Parmi ces manuscrits, on trouve aussi des textes qui ne sont pas bibliques. Le Livre des Jubilés, le livre d’Hénoch, un livre qu’on appelle le Rouleau du Temple. Et des textes qui correspondent à des règles de fonctionnement de la communauté —souvent assimilée à des esséniens — qui vivaient près des grottes. Pour certains de ces livres, le débat a lieu de savoir s’ils avaient un statut biblique ou non pour cette communauté.
James Morgan: Il n’y a, par contre, pas de texte chrétien parmi ces manuscrits. Aucune mention de Jésus, aucune mention de Jean-Baptiste. Et ce qui est curieux c’est qu’on ne trouve pas de mention des esséniens dans le Nouveau Testament qui cite pourtant plusieurs ordres juifs tels que les pharisiens, les saducéens, les zélotes. On peut facilement imaginer, pourtant, qu’il y a eu des contacts à Jéricho ou là où Jean-Baptiste baptisait des gens.
D’ailleurs, on peut relever une certaine similarité dans les thématiques. La question de la pureté est très importante. La communauté de Qumrân pratiquait de nombreuses ablutions et rites de purification.
Est-ce à dire que le baptême de Jean-Baptiste est un rite inspiré d’une pratique qu’il pourrait avoir vu, par exemple chez les esséniens?
JM: Il y a, en tous cas, une différence: tel qu’il nous est rapporté par les évangiles, le baptême de Jean n’est pas un acte qui est répété, au contraire des rites d’ablutions comme on pense qu’ils étaient pratiqués par la communauté installée à Qumrân. Il leur fallait tellement d’eau dans ce lieu désertique qu’on se demande même si le site était occupé de façon permanente ou si c’était un lieu de retraite spirituelle.
IH: Les manuscrits de la mer Morte sont aussi importants pour cela. Ils permettent de comprendre un peu comment la pensée théologique a évolué de l’Ancien Testament jusqu’au Nouveau Testament.
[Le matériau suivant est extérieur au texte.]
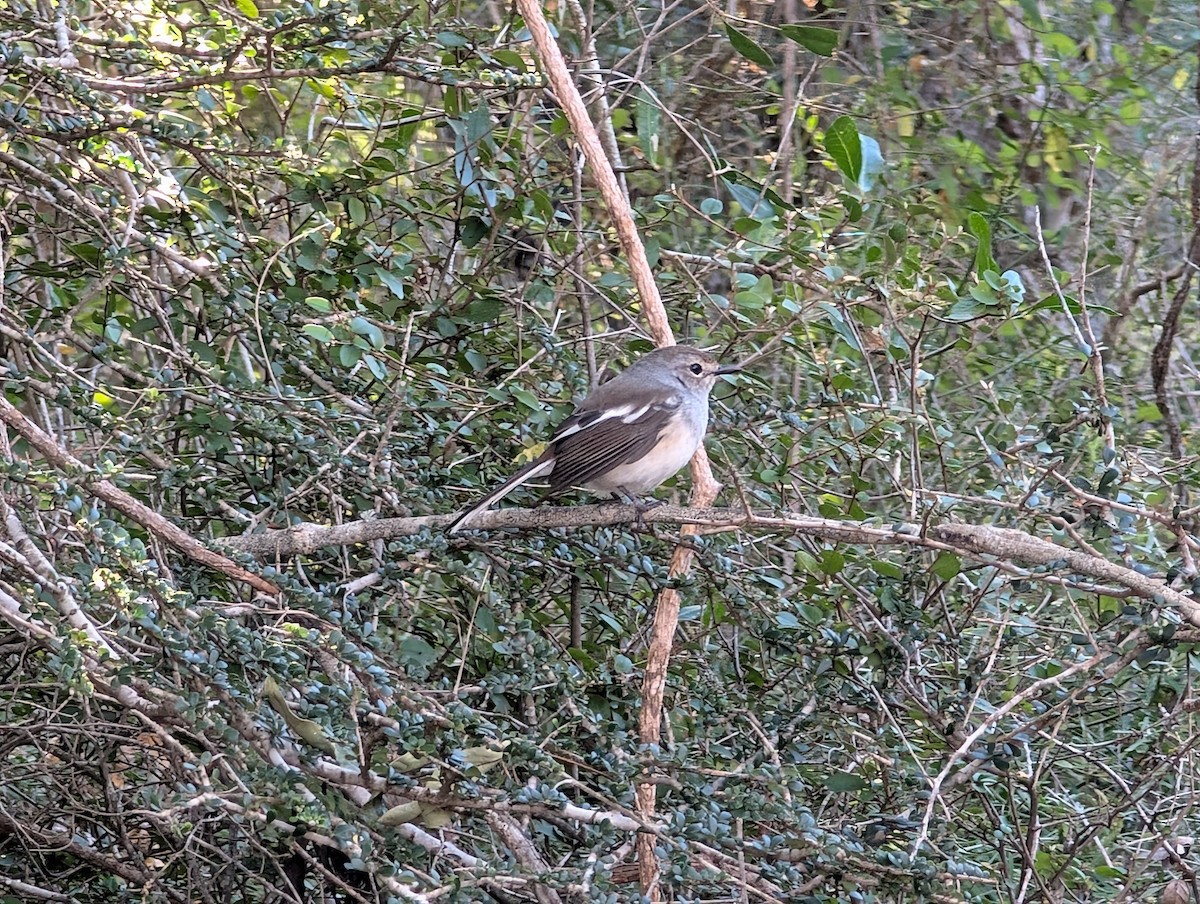 Madagascar Magpie-Robin - ML640818694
Ils couvrent, en effet une période allant du troisième siècle avant Jésus-Christ, jusqu’au début du deuxième siècle de notre ère. C’est tout de même une longue période. Ces textes témoignent de la manière dont on recevait l’Écriture et de comment on l’interprétait. De mon point de vue, ils permettent de mieux comprendre certaines prises de position du Nouveau Testament.
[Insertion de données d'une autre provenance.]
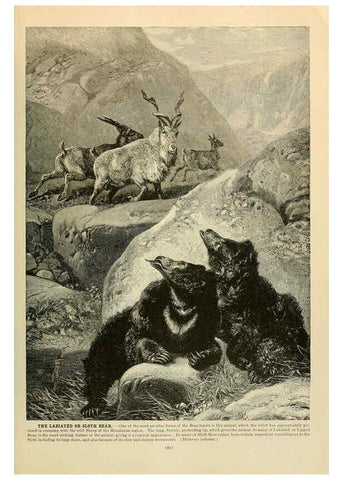 Reproducción/Reproduction 6220684992: Brehm's Life of animals : Volume 1, Mammalia Chicago :Marquis,1895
Est-ce que les manuscrits de la mer Morte ont réservé des surprises aux chercheurs, par rapport aux textes bibliques connus jusqu’alors?
IH: La bonne surprise c’est que les textes de la mer Morte confirment globalement le texte biblique. Évidemment cela dépend de l’appréciation de chacun. Par exemple. Il y a des différences que certaines personnes, selon leur sensibilité, peuvent considérer comme énormes. Par exemple, en Deutéronome 32:8, le texte massorétique que l’on connaissait déjà parle de «fils d’Israël». Sur un manuscrit de Qumrân, on peut lire «fils de Dieu». Et ce genre de variation existe pratiquement dans tous les livres. Pour moi l’enseignement qu’on peut en tirer, c’est que le texte biblique a subi des retouches dans son histoire. Quand on parle de l’histoire de la Bible, il faut être humble. On ne peut pas simplement dire le texte biblique n’a jamais été touché depuis des siècles avant J.-C.
D’ailleurs souvent, lorsque l’Ancien Testament est cité dans le Nouveau Testament, c’est le texte de la Septante, sa traduction grecque, qui est utilisé. Peut-être qu’il faudrait arrêter de se précipiter et dire que la Septante est mal traduite ou que ses traducteurs ont mal interprété le texte. Les manuscrits de Qumran montrent, en effet, que c’est une traduction souvent fidèle qui se basait simplement sur un texte hébreu légèrement différent de celui que nous connaissons.
JM: On trouve des parallèles très intéressants si on compare les textes du Nouveau Testament avec ceux de Qumrân. Il y a des choses qui sautent aux yeux: notamment l’importance accordée aux Écritures. C’est leur trésor, c’est pour cela que l’on cache ces manuscrits dans des grottes. Et ce ne sont pas que les textes bibliques qui sont perçus comme si importants, mais toute cette littérature juive.